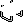 Cadeira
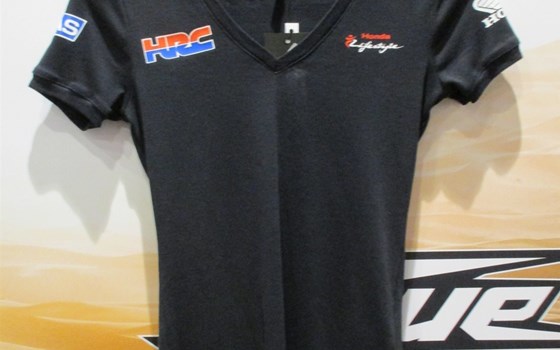 AMINA MC LIFESTYLE - Bild 1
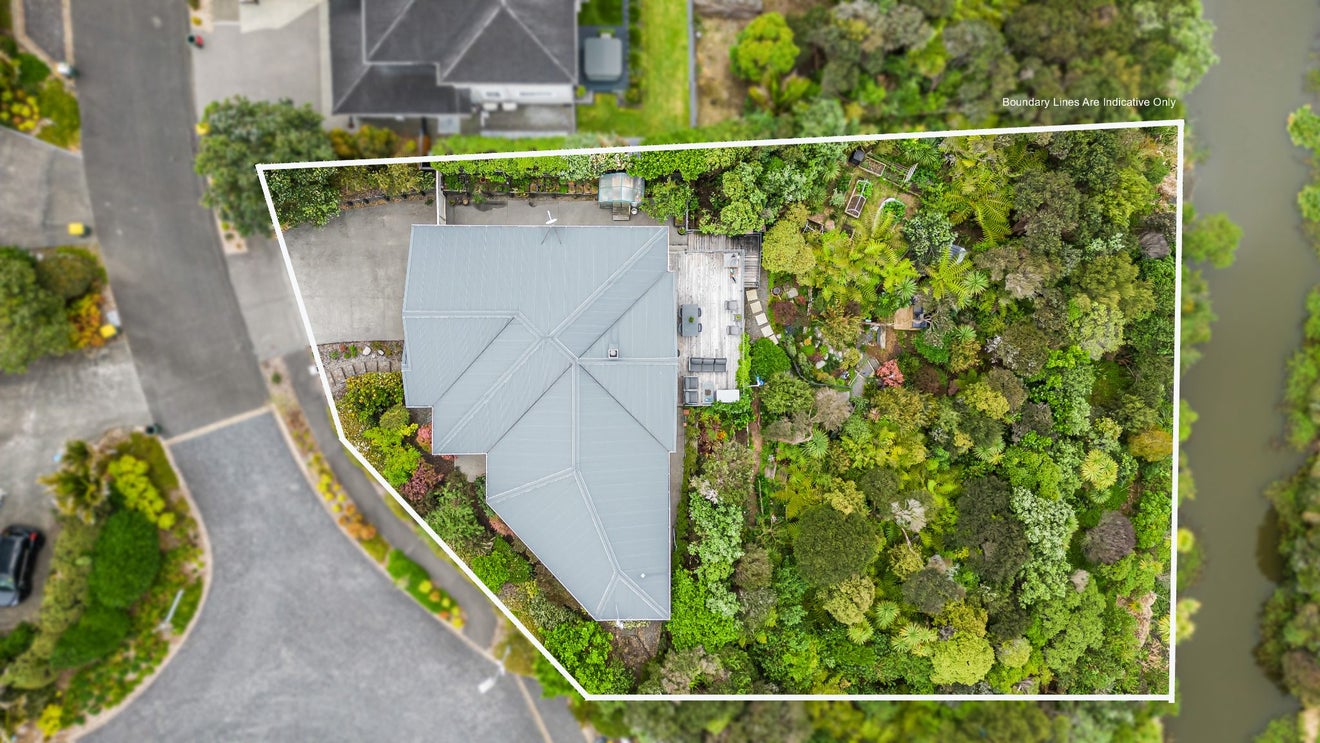 2 Bella Vista Drive, Gulf Harbour, Whangaparaoa - Carousel 25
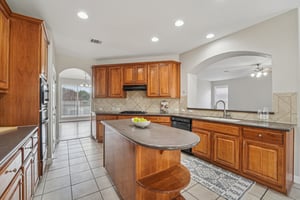 Canyon Maple Rd-S2410-013.jpg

-------------------------

→ Directions:
What is needed is every line from the one with "AMINA MC LIFESTYLE - Bild 1" to the final line of the listing above, set down exactly and with the pictures left out.

→ Solution:
 AMINA MC LIFESTYLE - Bild 1
 2 Bella Vista Drive, Gulf Harbour, Whangaparaoa - Carousel 25
 Canyon Maple Rd-S2410-013.jpg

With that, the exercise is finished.